その後しばらく、雑談風に意見交換が続き、時計の針は16時に差し掛かろうとしていた。ダイチが張子涵に聞く。
[懇談会は17時からだったよね]
[ああ、その予定だ]
会場に向けてダイチが言う。
[そろそろ終わりということにしたいと思いますが、みなさんよろしいでしょうか]
[それでは、最後に私からひとこと、よいかな]と顧問の楊清立。
[楊顧問、お願いします]とダイチ。
[アーウィン副団長。かつての部下であったシカリが、ここ武昌に辿り着いてそろそろ3ヶ月になります。シカリはご存じの通り、武昌で自経団を誕生させた立役者であった楊守の孫です。あなたが今、シカリの手引きでここ武昌にいて、我々を救うべく手を尽くして下さると仰っている。私には楊守からつながる縁を感じ、この件は首尾良くいくと信じています。ここにいる一同、ビデオの向こうの漢陽、漢口、重慶、成都の者も、みなそのように信じているでしょう。お三方のご尽力に感謝します。今後ともどうかお願いしたいと思います]
会場およびエア・ディスプレイの参加者から拍手が起こる。アーウィン、マルティネス、ハバシュが立ち上がって拍手に応える。
エア・ディスプレイの画像が落とされ、会場の面々は三々五々と退場していく。
求められるままに握手に応じていたアーウィンのところに、ダイチが近づき小声で言う。
「よろしいですか?」
二人は、会場の隅へと向かう。
「先日ご相談したものを作成しました」
ダイチがPITを取り出し、なにやら書面のようなものをMATESで送信する。
アーウィンもPITを出して、着信したものを確認する。
【万事、承知した】
会場に残ったのは連邦側の3人とダイチ、ヒカリ、懇談会の進行役の張子涵、15区区長の郭偉、そして孫強。
[このあと住民との懇談会が行われる、第15区の会議室へご案内します]と郭偉。
[武昌第296班の44人の班員のうち、25、6人が出席してくれそうです]と張子涵。
一同駐車場に上がり、孫強のエアカーにアーウィン、マルティネス、ハバシュとヒカリ、郭偉の車にダイチと張子涵が乗り込んだ。少し前から待機していた漢陽警務隊員の車を先頭に、第15区のオフィスに向かう。

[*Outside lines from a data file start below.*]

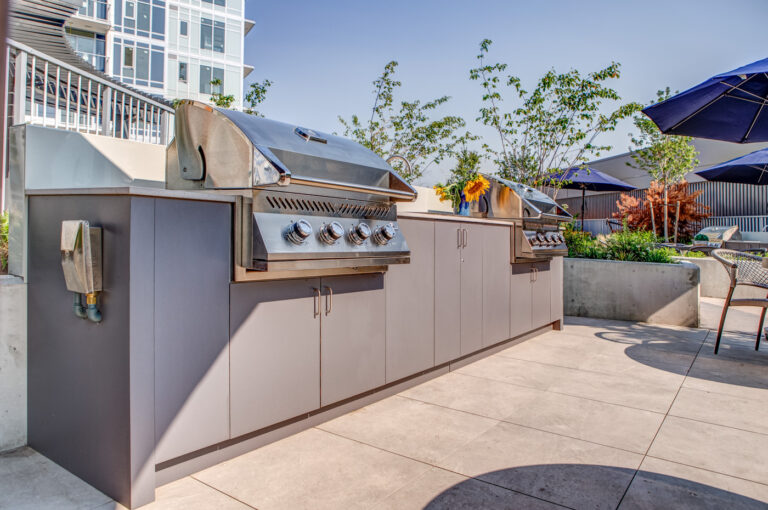 Seasons Okanagan-Aqua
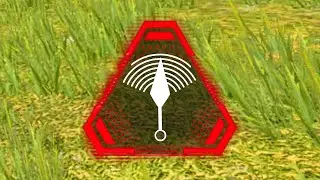 These original Crypto abilities were just OP !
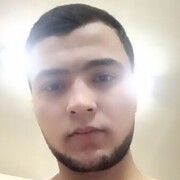 ���������� �����, ���� ����� ���, 23 ����, ������������ ��� ������, ����� � ���������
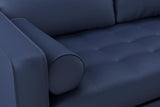 Combo 06 Navy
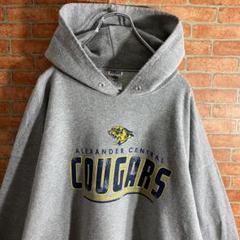 極希少 90's 当時物 WUTANG WU WEAR スウェットパーカー 黒 - メルカリ
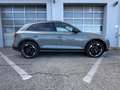 Audi Q5 50 TDI quattro  3xS-line/Sportsitze Grau - thumbnail 18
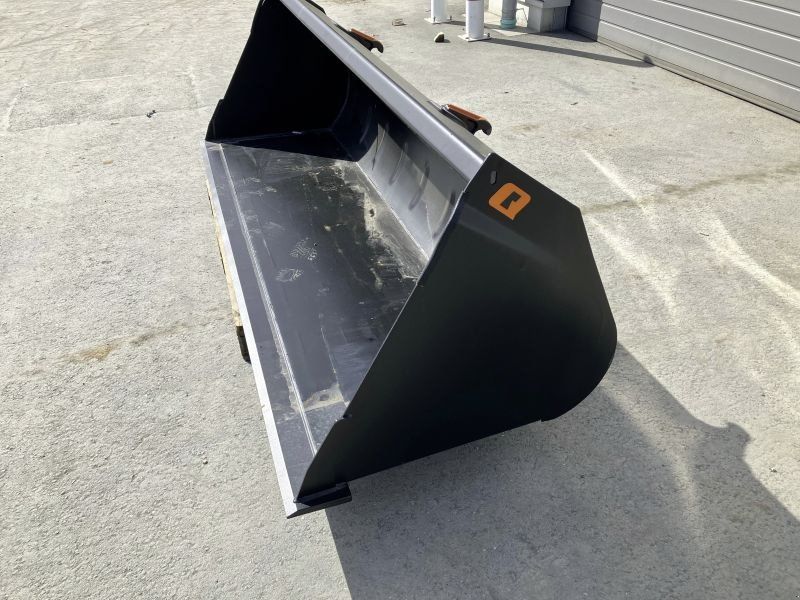 Alö 11255514Q GM 245 EURO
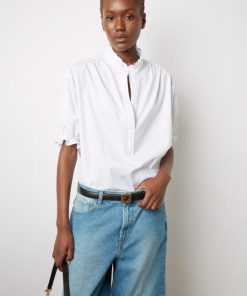 Terracegoods.shop088bfc69b8 1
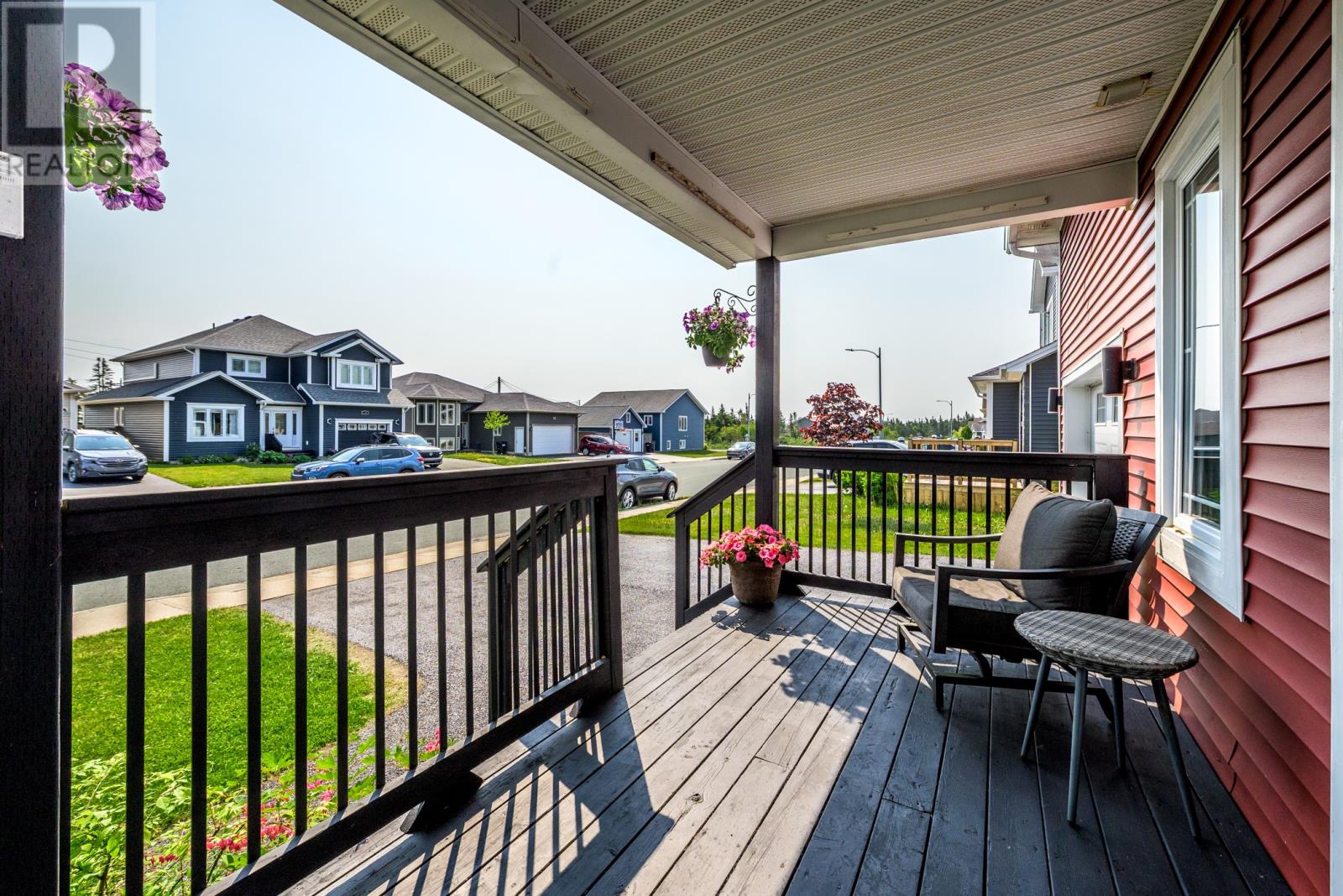 121 Cheeseman Drive Property Photo 3
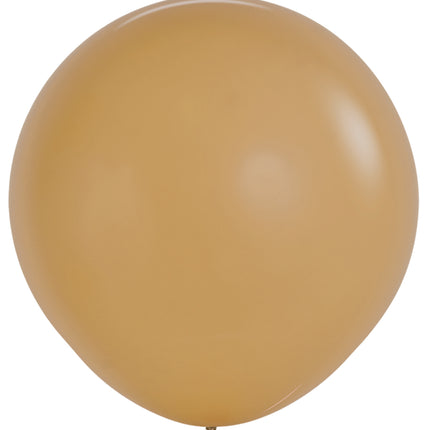 Latte - 073 - 10 Stück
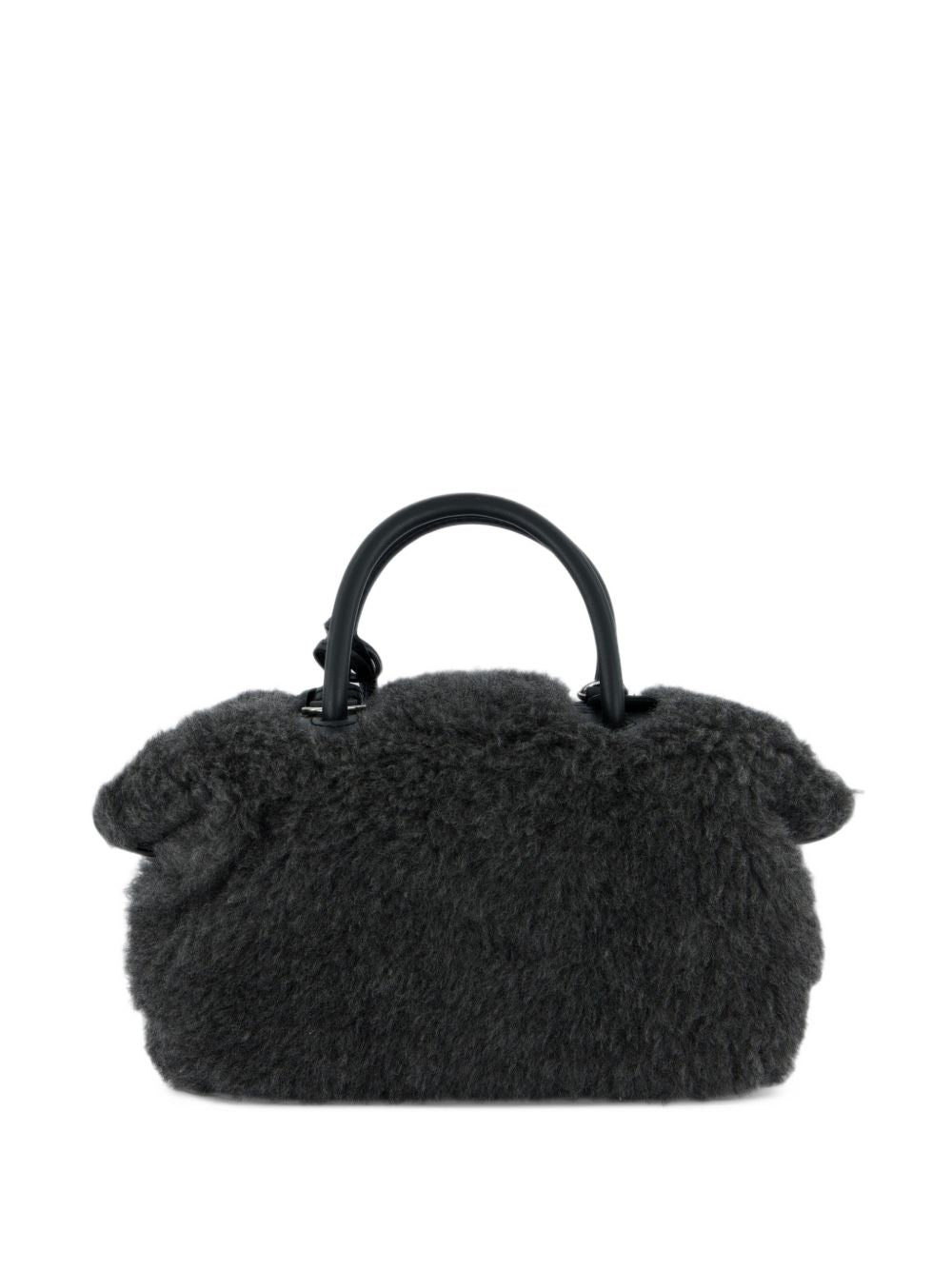BORSE A MANO MAX MARA mxatedholdalls2 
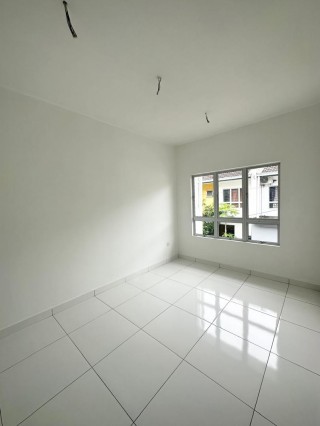 Foto #9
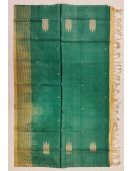 Special Sarees Art Silk Normal Paramakudi 5 50 Mtrs
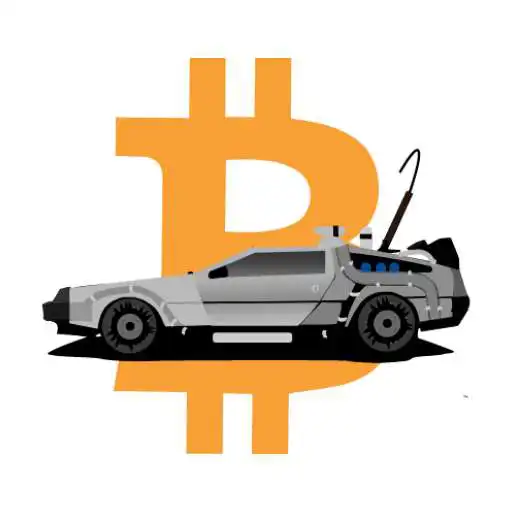 Play Travel back in time: Invest in Bitcoin APK Play Travel back in time: Invest in Bitcoin APK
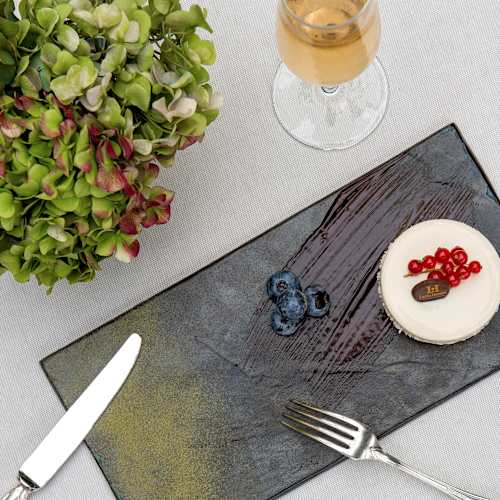 Ristorante Bar delle Terme, Como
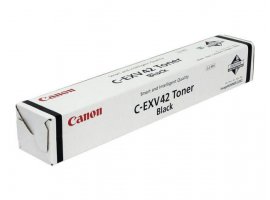 Toner CANON CEXV42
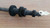 Transmission Main Shaft fits Alfa Romeo 60725149 Genuine View Rear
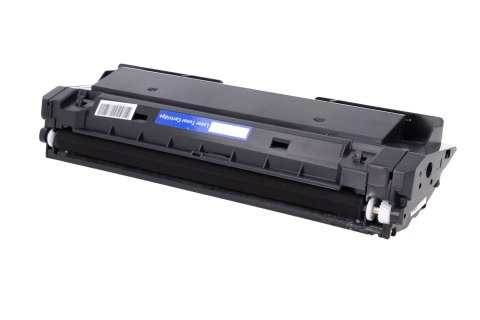 TONER XEROX 3052 MYOFFICE TONER XEROX 3052 MYOFFICE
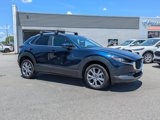 Used 2021 MAZDA CX-30 AWD 2.5 S w/ Select Package image 2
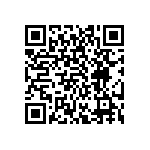 CC-WMX-PE47-RM-B QRCode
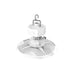 Lithonia REBLPSB Field Installable Pendant Splice Box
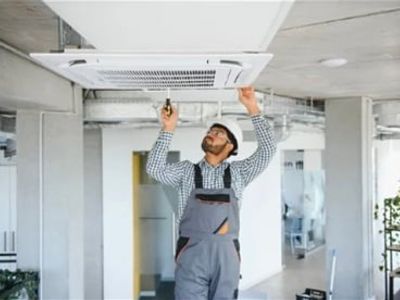 profitable-air-conditioning-cleaning-franchise-4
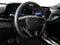 2025 Chevrolet Trax 2RS *1-OWNER*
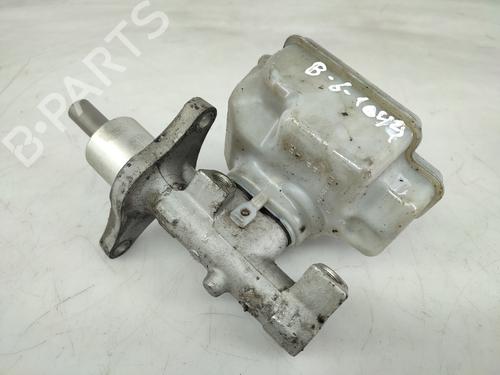 Maître-cylindre VW TOURAN (1T1, 1T2) 1.9 TDI | BP18027253M77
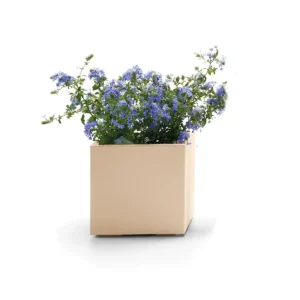 Tegla za biljke Nature 40 x 40 cm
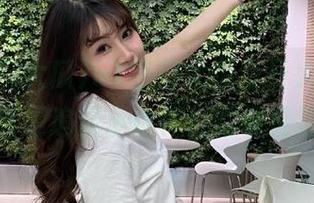 51热门大瓜今日大瓜，苹果版真是追星小伙伴们的最佳选择！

16時半頃到着。張子涵は会場の会議室に直接向かう。調査団の3人はオフィスの応接スペースに通され、ソファーに腰かける。ダイチと孫強が向かいのソファーに着座。郭偉は自席に着く。ヒカリは、人数分の茶を用意して運び終わると、空いている椅子を応接スペースに持ってきて腰かける。
[ヒカリと私も班員ですが、立場上、私は失礼させていただきます。進行役は区長助理の張子涵が、ご案内役はヒカリが務めます]とダイチ。
【ビデオは収録してもよろしいか】とマルティネス。
[構いません。もっとも私たちは、収録したものを一切見ないことになっています]
17時少し過ぎ、張子涵がオフィスにやってきた。
[準備できました。どうぞお越し下さい]
アーウィン、マルティネス、ハバシュに続いてヒカリが立ち上がり、張子涵の案内で会議室へ向かう。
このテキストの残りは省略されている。